Editorial: Don’t ignore vaping problem

In late 2019, the health story that commanded public attention wasn’t the coronavirus.

Emergency rooms had started reporting mysterious cases of lung illnesses, with more than half of the patients under the age of 25. The common link was the use of e-cigarettes, often with vitamin E acetate as an additive to THC.

By February of 2020, the U.S. Centers for Disease Control and Prevention reported 2,807 hospitalizations and 68 deaths associated with vaping. For a time, this story caused a backlash against e-cigarettes, but then the public moved on to other things.

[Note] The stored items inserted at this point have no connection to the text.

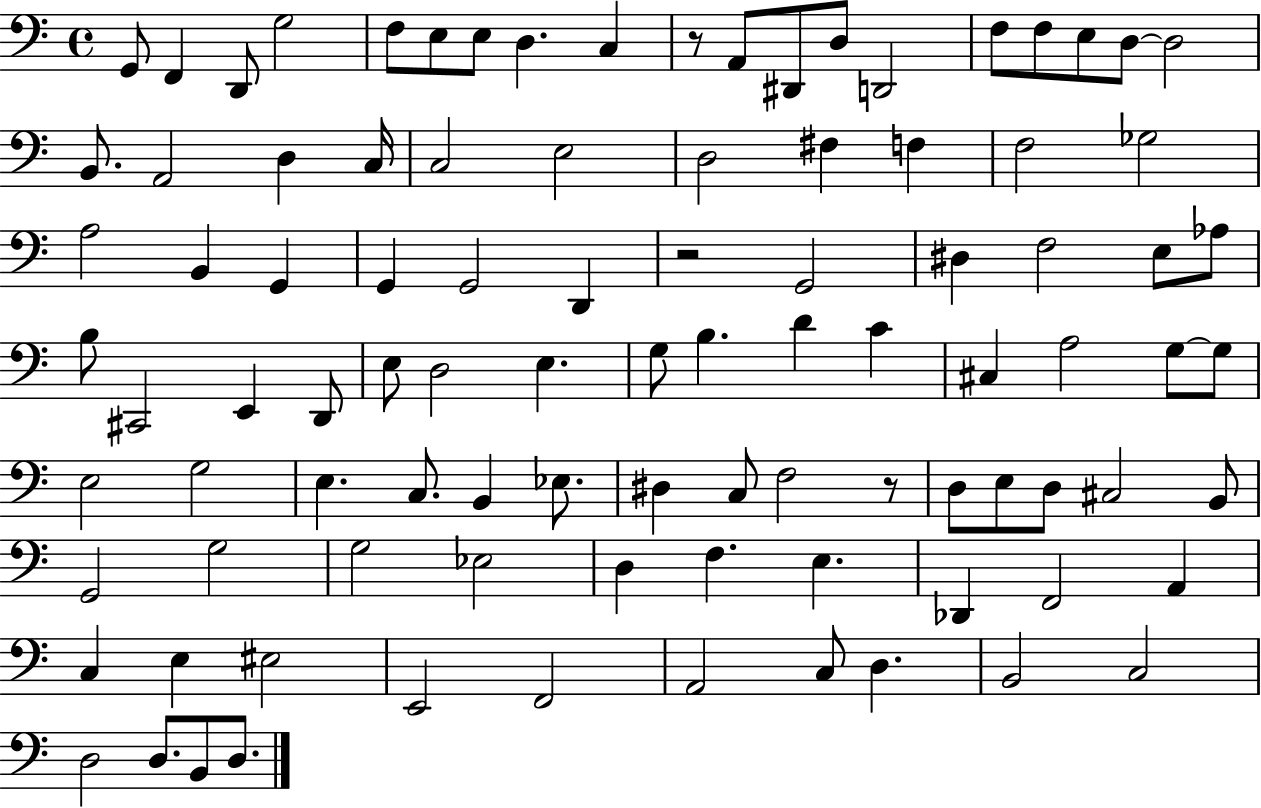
X:1
T:Untitled
M:4/4
L:1/4
K:C
G,,/2 F,, D,,/2 G,2 F,/2 E,/2 E,/2 D, C, z/2 A,,/2 ^D,,/2 D,/2 D,,2 F,/2 F,/2 E,/2 D,/2 D,2 B,,/2 A,,2 D, C,/4 C,2 E,2 D,2 ^F, F, F,2 _G,2 A,2 B,, G,, G,, G,,2 D,, z2 G,,2 ^D, F,2 E,/2 _A,/2 B,/2 ^C,,2 E,, D,,/2 E,/2 D,2 E, G,/2 B, D C ^C, A,2 G,/2 G,/2 E,2 G,2 E, C,/2 B,, _E,/2 ^D, C,/2 F,2 z/2 D,/2 E,/2 D,/2 ^C,2 B,,/2 G,,2 G,2 G,2 _E,2 D, F, E, _D,, F,,2 A,, C, E, ^E,2 E,,2 F,,2 A,,2 C,/2 D, B,,2 C,2 D,2 D,/2 B,,/2 D,/2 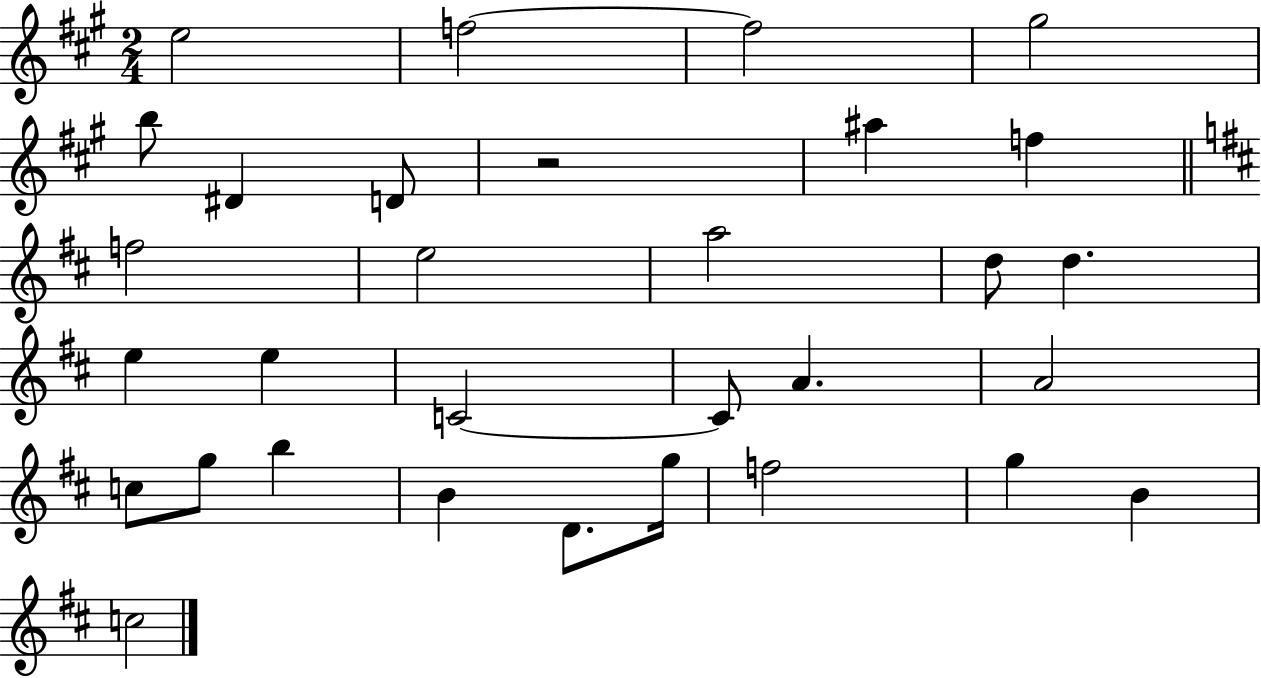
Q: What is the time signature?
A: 2/4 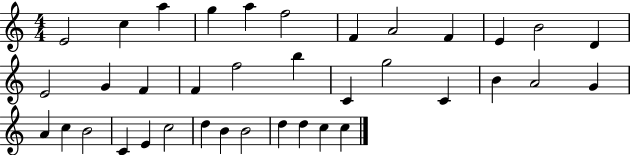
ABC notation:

X:1
T:Untitled
M:4/4
L:1/4
K:C
E2 c a g a f2 F A2 F E B2 D E2 G F F f2 b C g2 C B A2 G A c B2 C E c2 d B B2 d d c c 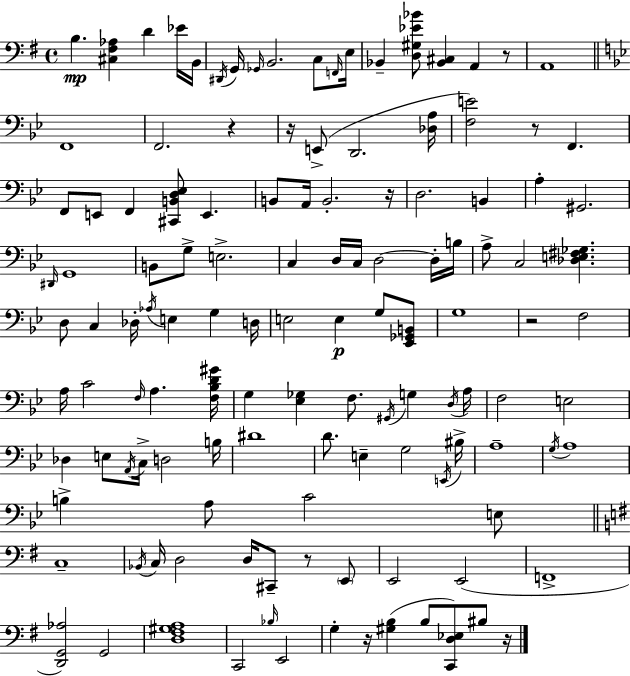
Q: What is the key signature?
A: G major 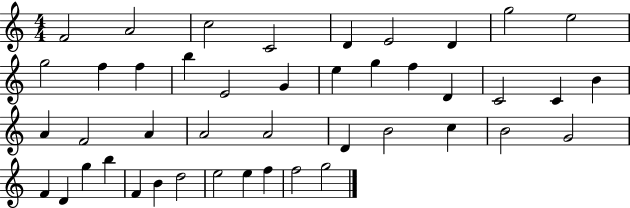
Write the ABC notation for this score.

X:1
T:Untitled
M:4/4
L:1/4
K:C
F2 A2 c2 C2 D E2 D g2 e2 g2 f f b E2 G e g f D C2 C B A F2 A A2 A2 D B2 c B2 G2 F D g b F B d2 e2 e f f2 g2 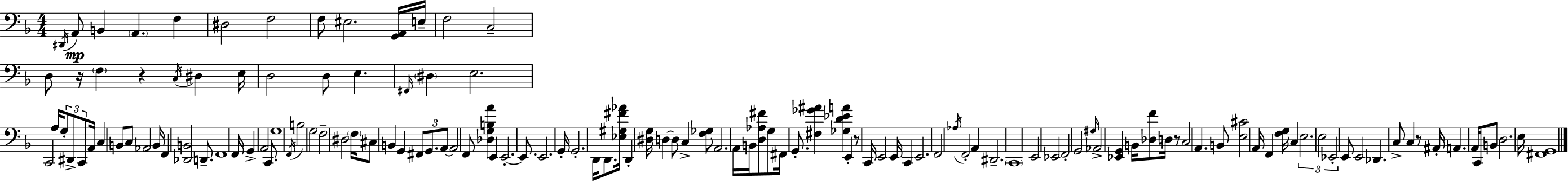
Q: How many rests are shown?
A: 5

Yet vaping, especially among young people, has not gone away. Not by a long shot. A CDC survey found that nearly 20% of high school and 5% of middle school students admitted to using e-cigarettes within the last 30 days.

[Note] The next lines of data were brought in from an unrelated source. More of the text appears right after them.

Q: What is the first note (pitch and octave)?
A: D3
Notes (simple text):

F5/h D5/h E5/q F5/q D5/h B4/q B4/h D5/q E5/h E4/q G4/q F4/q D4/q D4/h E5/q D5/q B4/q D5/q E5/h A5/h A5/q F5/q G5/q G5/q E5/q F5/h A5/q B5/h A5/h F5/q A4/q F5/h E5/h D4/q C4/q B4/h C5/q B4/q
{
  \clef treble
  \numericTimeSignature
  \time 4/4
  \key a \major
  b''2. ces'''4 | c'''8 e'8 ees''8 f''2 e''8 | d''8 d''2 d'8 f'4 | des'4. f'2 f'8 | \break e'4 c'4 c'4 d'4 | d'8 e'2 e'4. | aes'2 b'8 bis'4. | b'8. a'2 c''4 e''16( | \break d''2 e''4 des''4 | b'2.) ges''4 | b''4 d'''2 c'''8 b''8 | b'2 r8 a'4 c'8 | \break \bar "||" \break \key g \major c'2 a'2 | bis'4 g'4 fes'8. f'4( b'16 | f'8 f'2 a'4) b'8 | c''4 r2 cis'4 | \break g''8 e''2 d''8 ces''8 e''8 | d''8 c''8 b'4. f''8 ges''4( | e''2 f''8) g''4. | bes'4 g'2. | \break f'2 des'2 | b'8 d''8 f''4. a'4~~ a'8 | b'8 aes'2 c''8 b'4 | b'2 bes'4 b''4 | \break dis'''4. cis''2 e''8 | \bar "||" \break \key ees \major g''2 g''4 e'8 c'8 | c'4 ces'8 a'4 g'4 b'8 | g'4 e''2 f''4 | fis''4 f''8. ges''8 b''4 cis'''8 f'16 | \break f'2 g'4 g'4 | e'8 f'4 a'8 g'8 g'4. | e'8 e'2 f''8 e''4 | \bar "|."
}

Despite the fun packaging and fruity flavors, it still qualifies as risky behavior. Up to 99% of e-cigarettes sold in the United States contain nicotine, a stimulant that’s highly addictive and can harm the adolescent brain.

The aerosol is not harmless water vapor. Ultrafine particles can be inhaled deep into the lungs. E-cigs use flavorings like diacetyl, a chemical linked to lung disease. Vapers also inhale heavy metals like nickel, tin and lead. Post-market modifications can be particularly dangerous and were linked to some of the lung cases in ERs.

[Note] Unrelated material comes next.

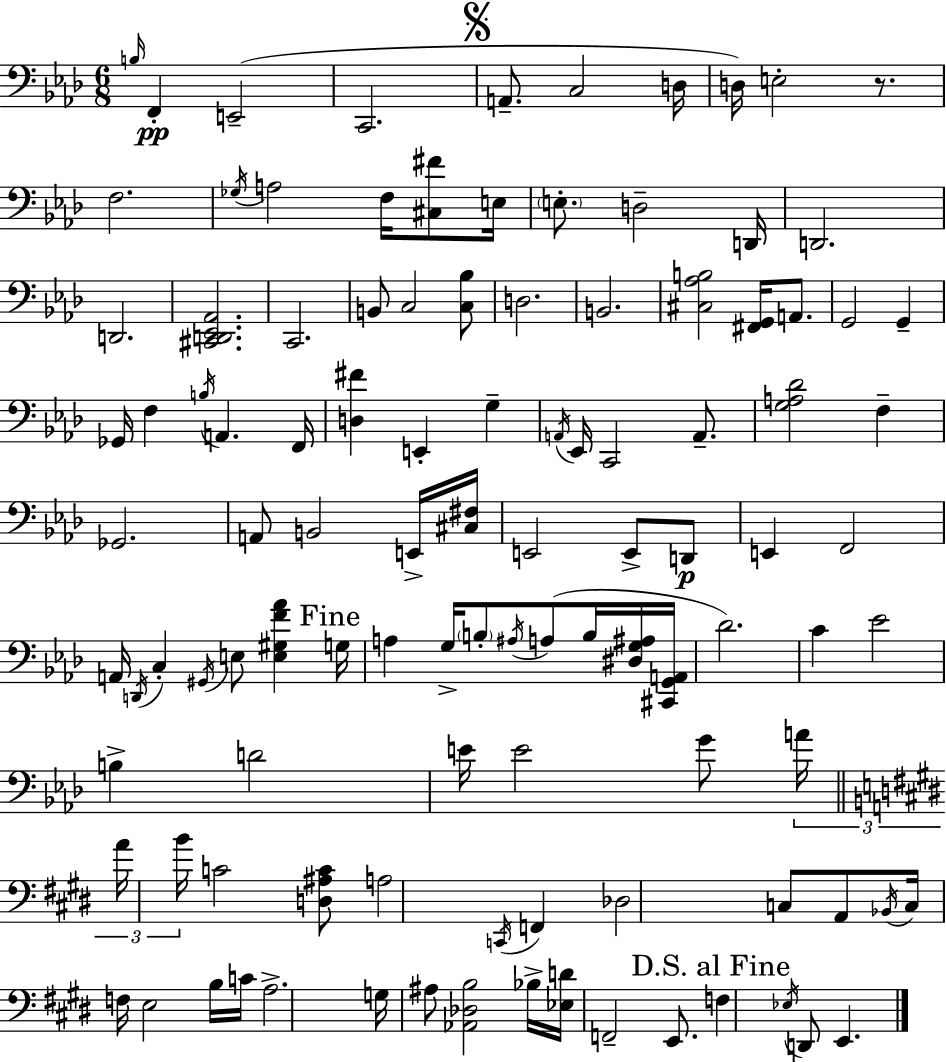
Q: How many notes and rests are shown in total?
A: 109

Looking for a more immediate impact? Dental experts say regular vaping reduces saliva in the mouth, leading to chronic bad breath. Good luck finding a prom date.

For adults, it’s easy to look at young people and marvel at their vitality and ability to embrace and master new technology and concepts. But it’s also sobering to see how they often make the same dumb mistakes we made in our younger days. Many teenagers still see themselves as bulletproof.

It’s the responsibility of an adult to get between teenagers and behaviors with long-term, negative consequences. Not in a preachy, father-knows-best way, but as a practical intervention until they’re adults and are free to do all the dumb stuff they want.

The St. Joseph School District installed anti-vaping monitoring devices in high schools and at the Webster Learning Center. Now, the Board of Education is considering bids to install the same equipment in middle schools, where the first encounter with temptations and peer pressure often occurs.

These devices won’t stop teens from vaping on their own. They’re probably only as good as the human intervention that comes with them.

But given the prevalence of vaping, and the unknown long-term consequences, the district should pursue these devices and any other reasonable strategies to nip teen vaping in the electronic bud.